== Exercise aim ==
Output every entry below exactly, without its pictures.

== Given records ==
□ □ □ □

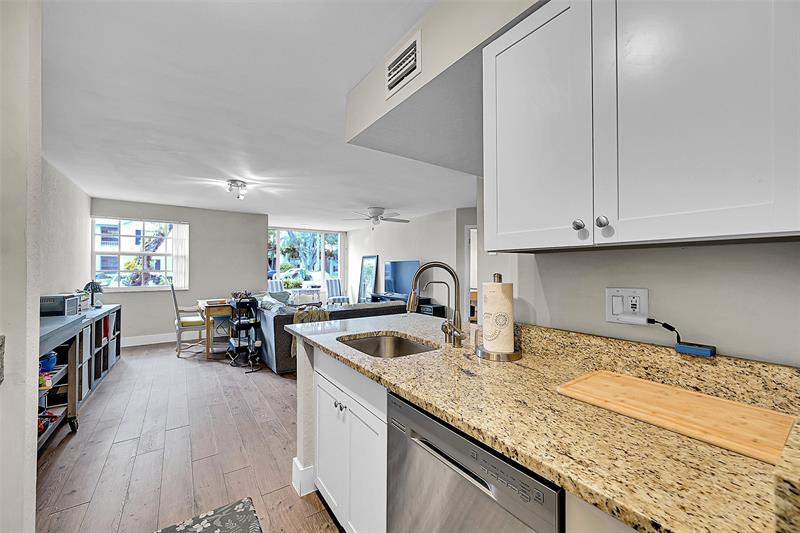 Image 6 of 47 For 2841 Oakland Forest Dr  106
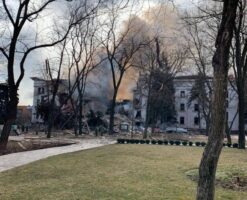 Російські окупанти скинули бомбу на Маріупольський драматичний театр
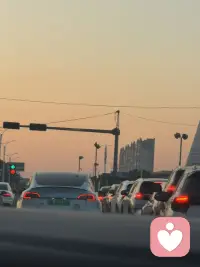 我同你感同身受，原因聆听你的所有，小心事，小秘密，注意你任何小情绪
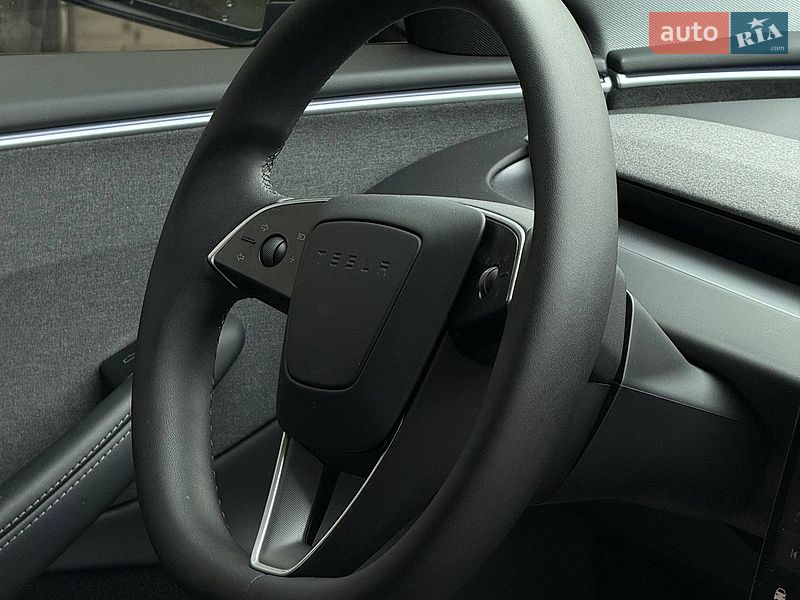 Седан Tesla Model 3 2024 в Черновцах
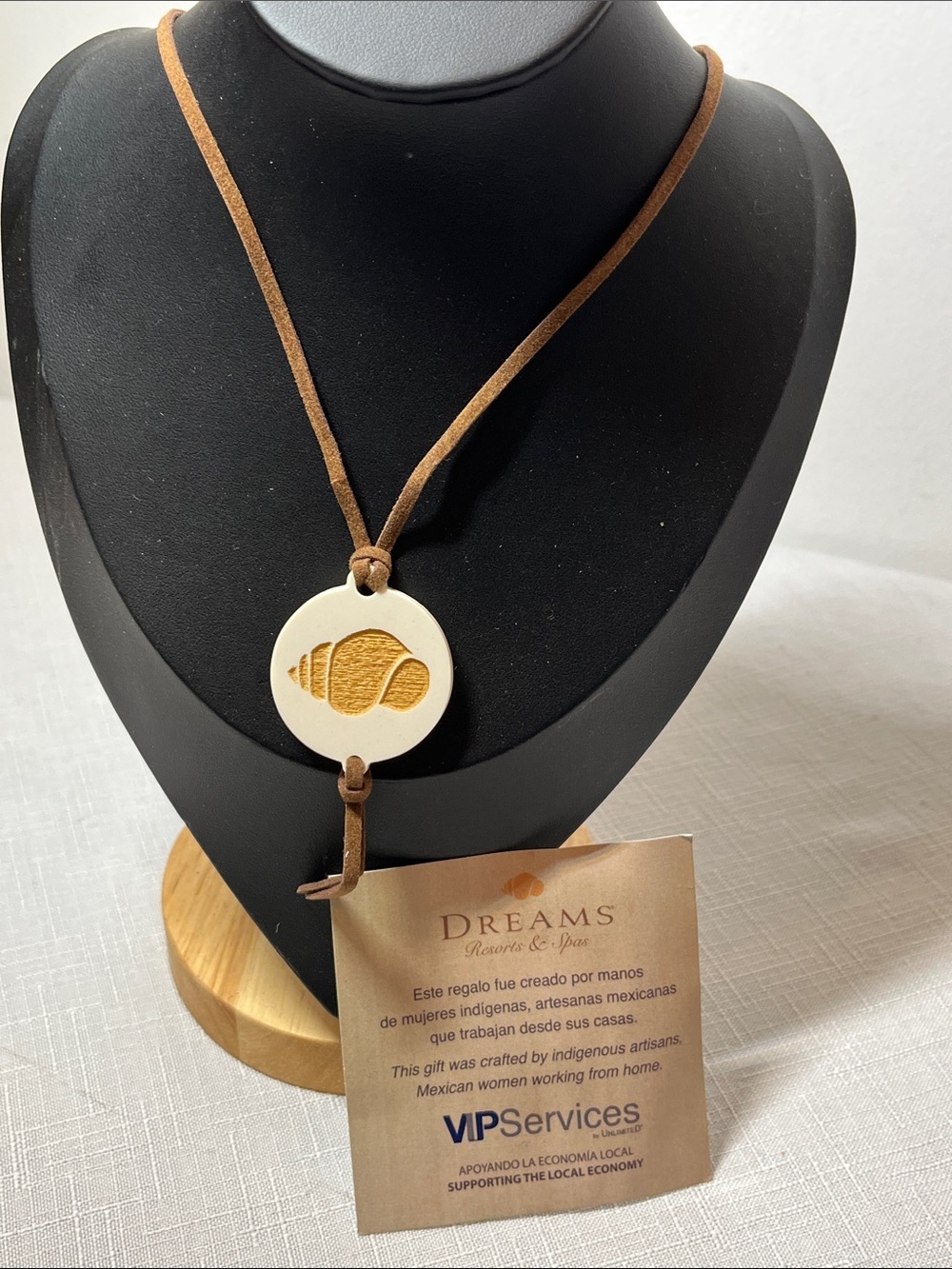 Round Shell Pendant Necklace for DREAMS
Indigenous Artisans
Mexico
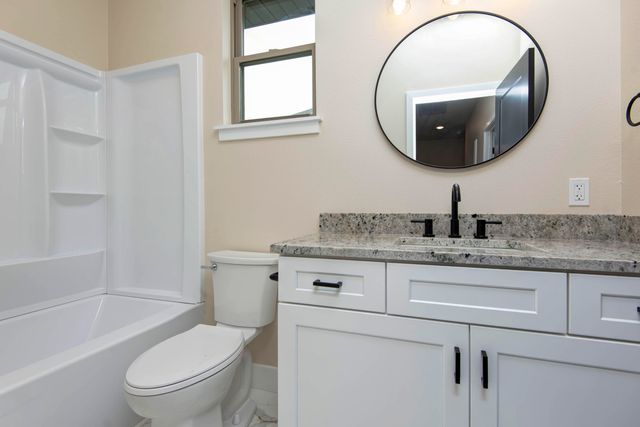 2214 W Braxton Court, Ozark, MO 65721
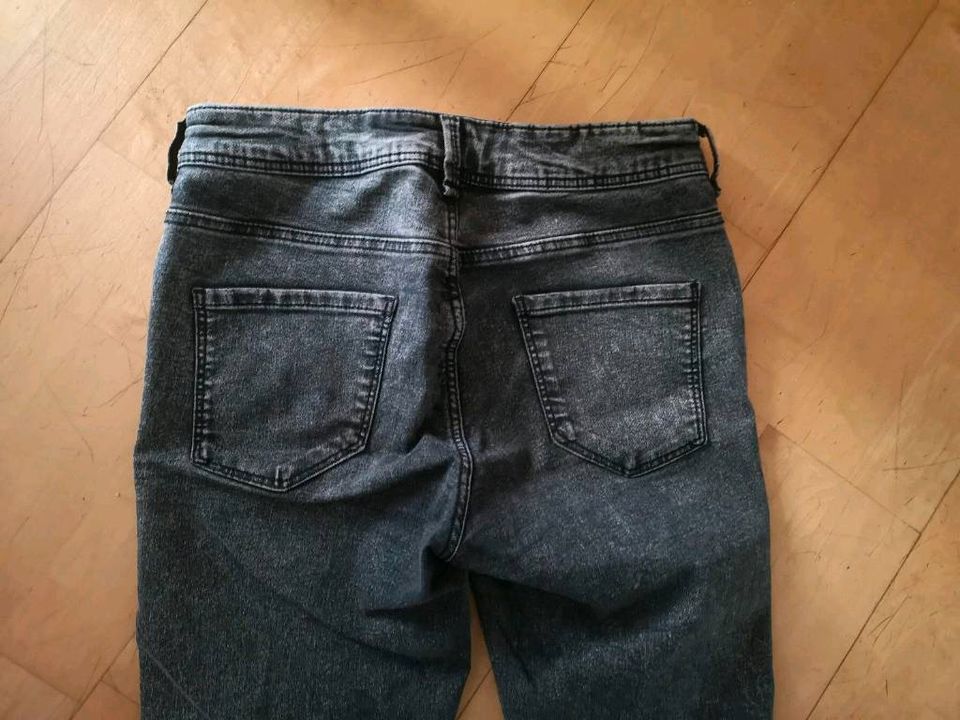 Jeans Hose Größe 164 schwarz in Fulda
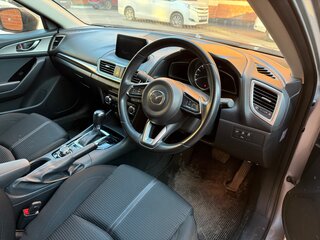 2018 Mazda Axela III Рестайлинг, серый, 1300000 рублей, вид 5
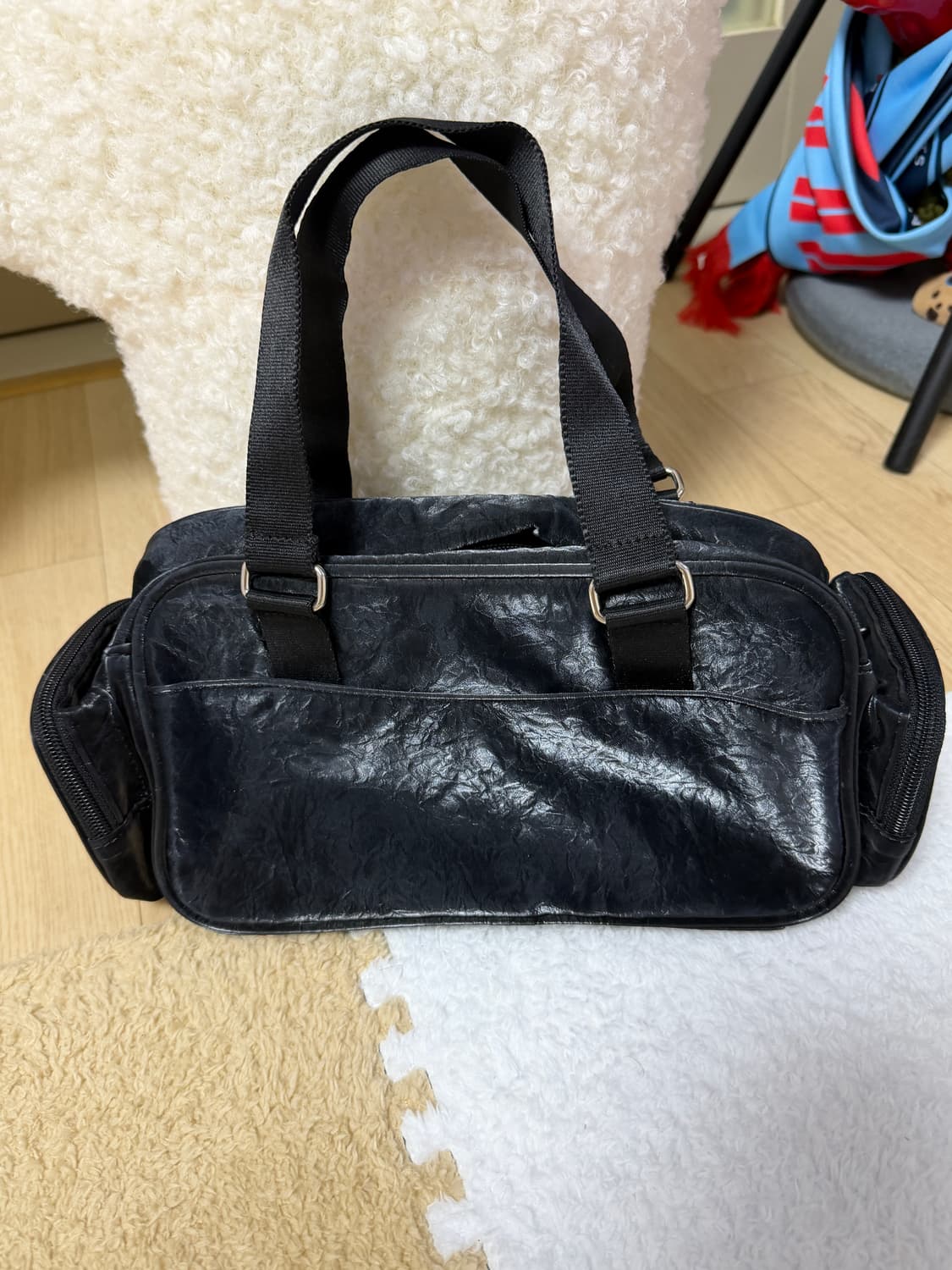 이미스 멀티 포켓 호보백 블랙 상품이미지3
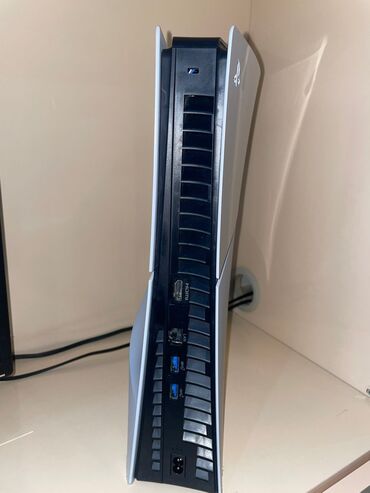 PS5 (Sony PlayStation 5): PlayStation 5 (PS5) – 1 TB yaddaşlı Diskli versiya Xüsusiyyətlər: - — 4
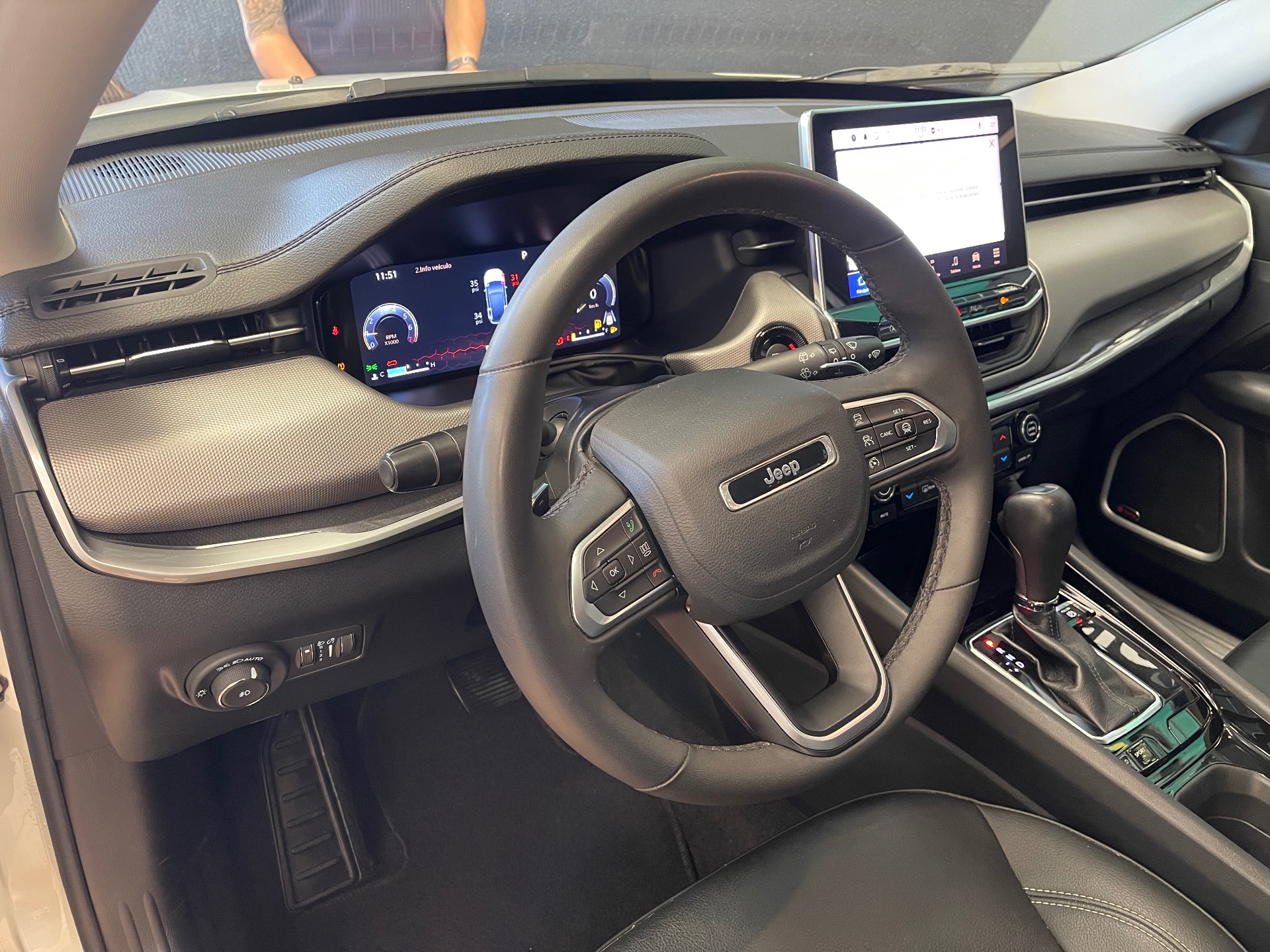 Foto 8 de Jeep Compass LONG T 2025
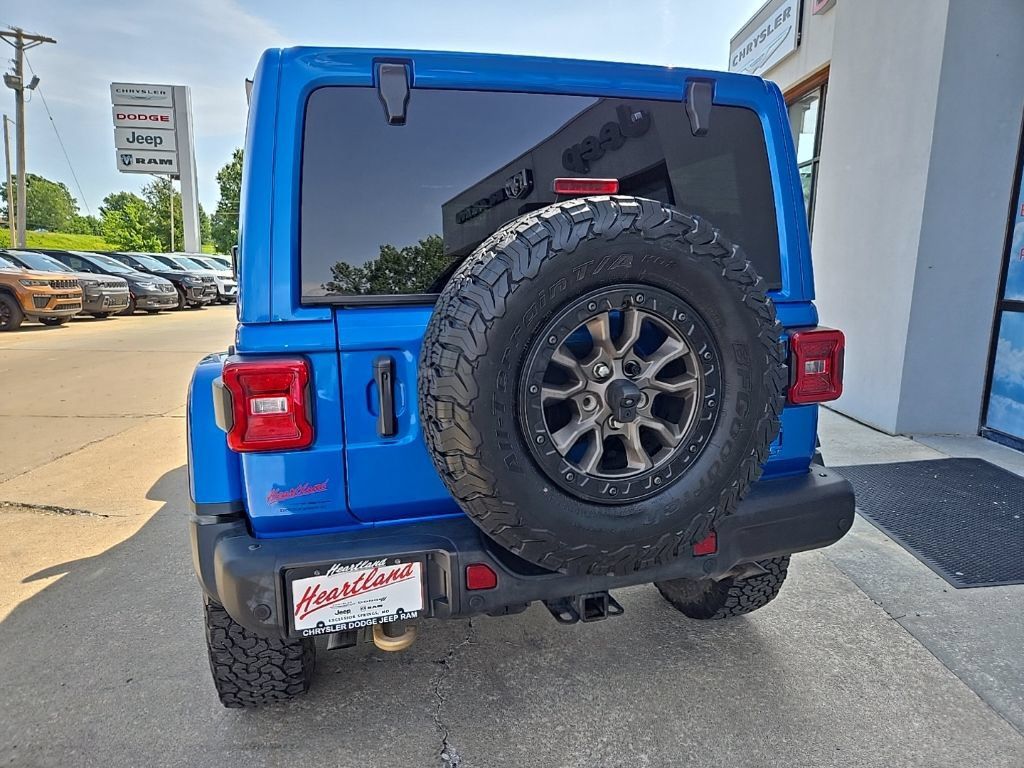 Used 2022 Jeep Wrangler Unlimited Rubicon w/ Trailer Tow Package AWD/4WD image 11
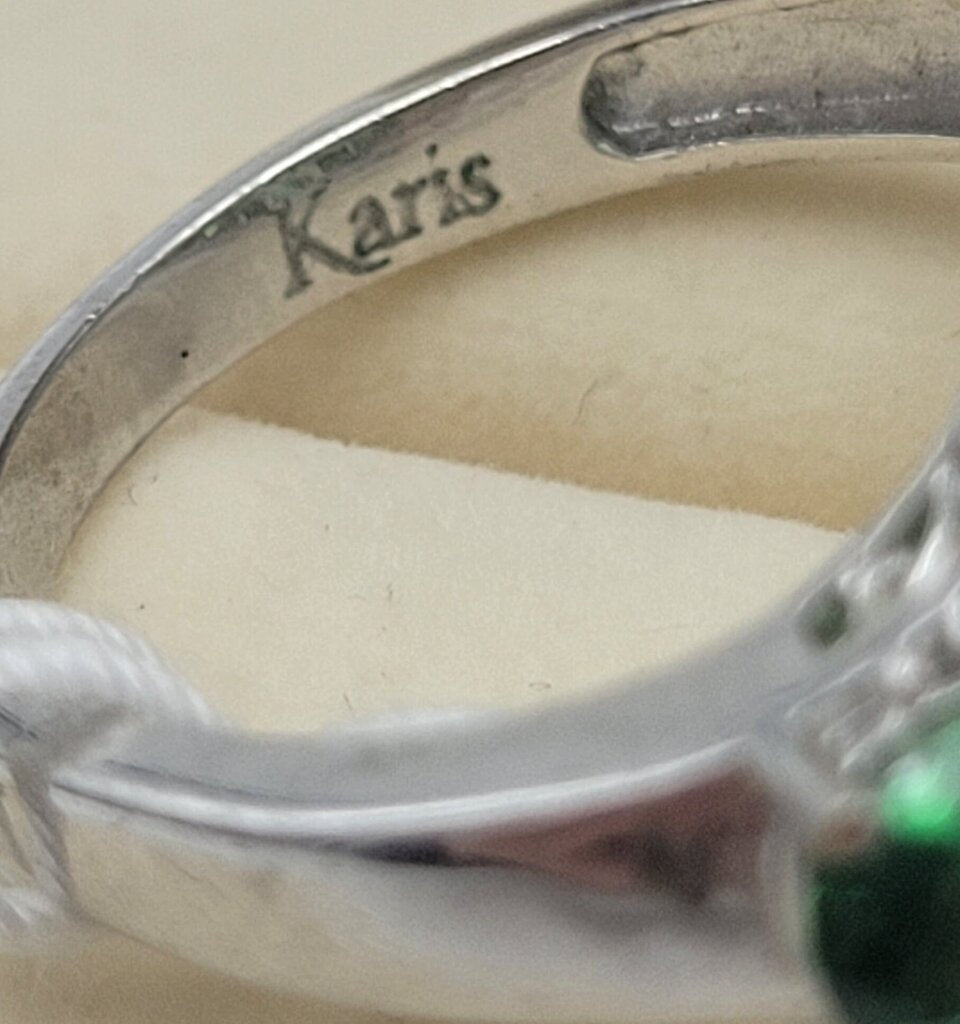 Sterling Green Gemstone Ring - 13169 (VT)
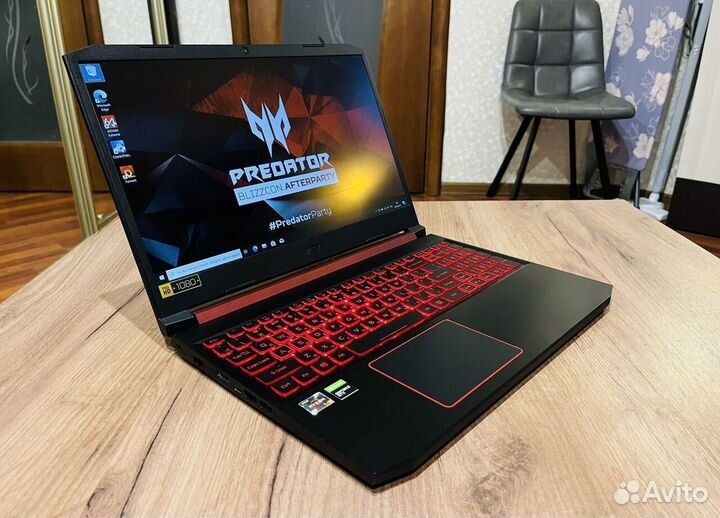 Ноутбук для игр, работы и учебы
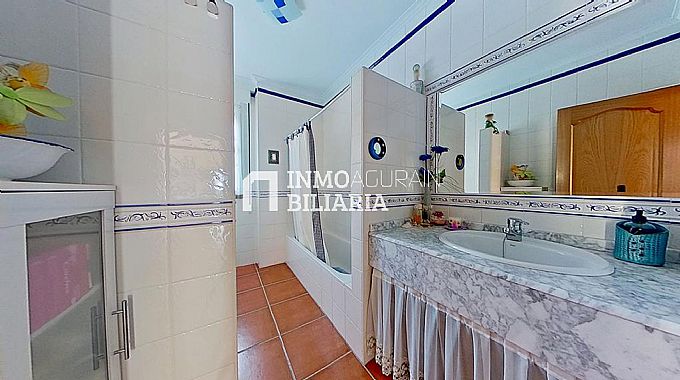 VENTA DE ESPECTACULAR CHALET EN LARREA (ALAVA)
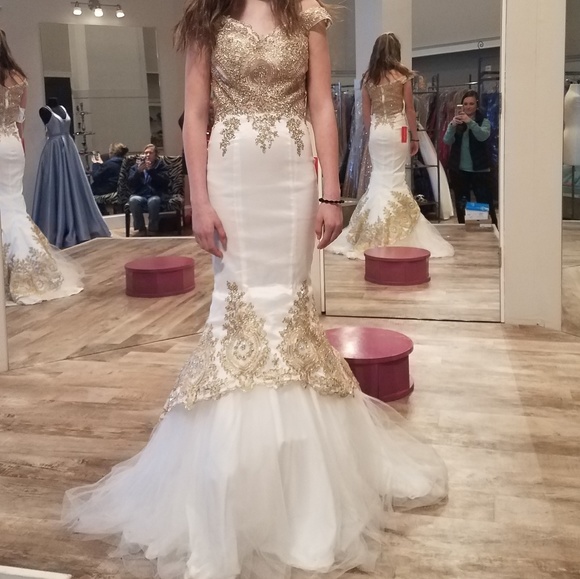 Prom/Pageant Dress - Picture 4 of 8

□ □ □ □

== Result of the exercise ==
 Image 6 of 47 For 2841 Oakland Forest Dr  106
 Російські окупанти скинули бомбу на Маріупольський драматичний театр
 我同你感同身受，原因聆听你的所有，小心事，小秘密，注意你任何小情绪
 Седан Tesla Model 3 2024 в Черновцах
 Round Shell Pendant Necklace for DREAMS
Indigenous Artisans
Mexico
 2214 W Braxton Court, Ozark, MO 65721
 Jeans Hose Größe 164 schwarz in Fulda
 2018 Mazda Axela III Рестайлинг, серый, 1300000 рублей, вид 5
 이미스 멀티 포켓 호보백 블랙 상품이미지3
 PS5 (Sony PlayStation 5): PlayStation 5 (PS5) – 1 TB yaddaşlı Diskli versiya Xüsusiyyətlər: - — 4
 Foto 8 de Jeep Compass LONG T 2025
 Used 2022 Jeep Wrangler Unlimited Rubicon w/ Trailer Tow Package AWD/4WD image 11
 Sterling Green Gemstone Ring - 13169 (VT)
 Ноутбук для игр, работы и учебы
 VENTA DE ESPECTACULAR CHALET EN LARREA (ALAVA)
 Prom/Pageant Dress - Picture 4 of 8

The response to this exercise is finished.